The disorienting aspects of urban spaces permeate his work in a way reminiscent of M.C. Escher’s vertiginous plays on perspective. In painstakingly crafted line drawings such as Lost City 1 and 2, complex combinations of towers, walls, and doorways are seen from a vantage point floating somewhere above. Precise, assertive line work shares visual space with impressionistic, inchoate cloudforms, dreamlike. In his paintings, which add muted but intense streaks of color, he expands on this kind of flowing cubism while adding scenery inspired by the industrial architecture of Rotterdam’s port district.

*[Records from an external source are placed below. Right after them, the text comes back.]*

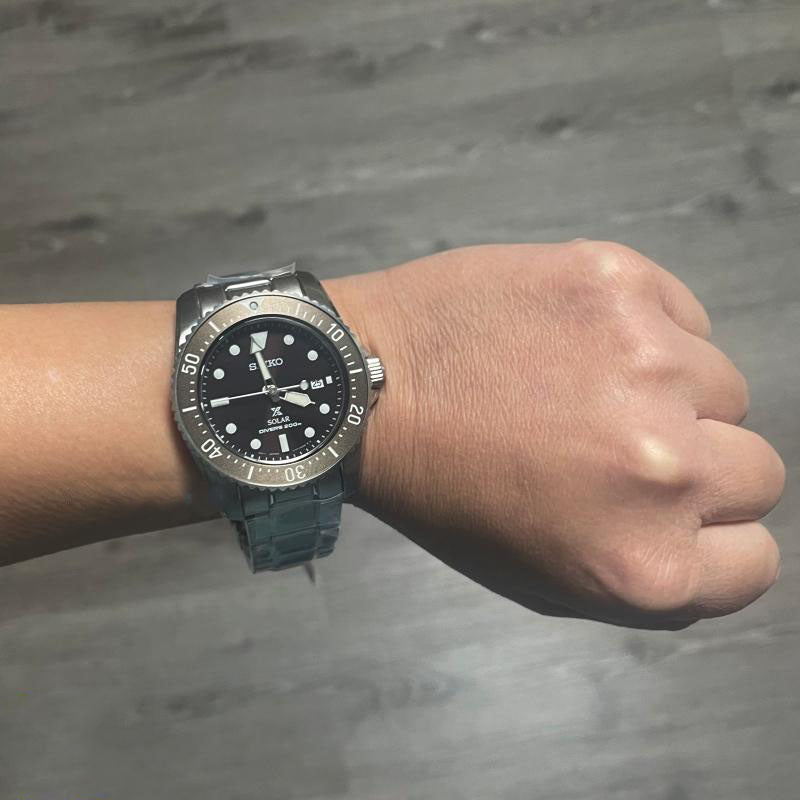 Seiko SNE571P1 Prospex Compact Solar Scuba Diver 38.5mm Men's Watch
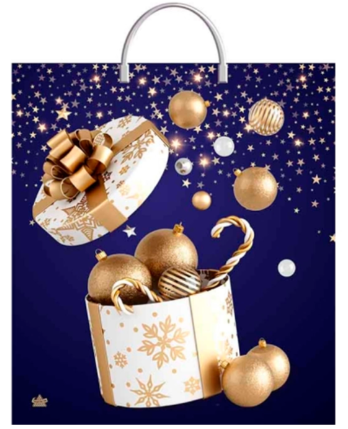 Пакет НГ пласт.руч.40*44 100мкм Эмоции праздника фото 1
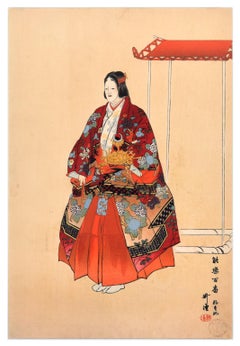 Antique Yokihi - Woodcut Print by Tsukioka Kôgyo - 1923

Throughout it all, modern urban scenes are infused with fantasy elements, some unsettling and some playful. In Metropolis City, he seems to nod to Fritz Lang’s classic Metropolis, rendering a tangle of imposing, abandoned buildings whose exteriors writhe with ambiguously forbidding, tentacled creatures. And in his entertaining animations, half-human and half-animal characters – whose protagonist is ‘Colin the Gay Guinea Pig’ – party in seedy dive bars wearing vintage costumes.
Overall, the combination of polluted industrial landscapes, eerie shipwrecks, and insightful nude studies is the work of an artist fascinated by the intersection of architecture, fantasy, and the appeal of the underbellies of our societies. The effect is like stepping into a foreign, but somehow familiar, alternate universe.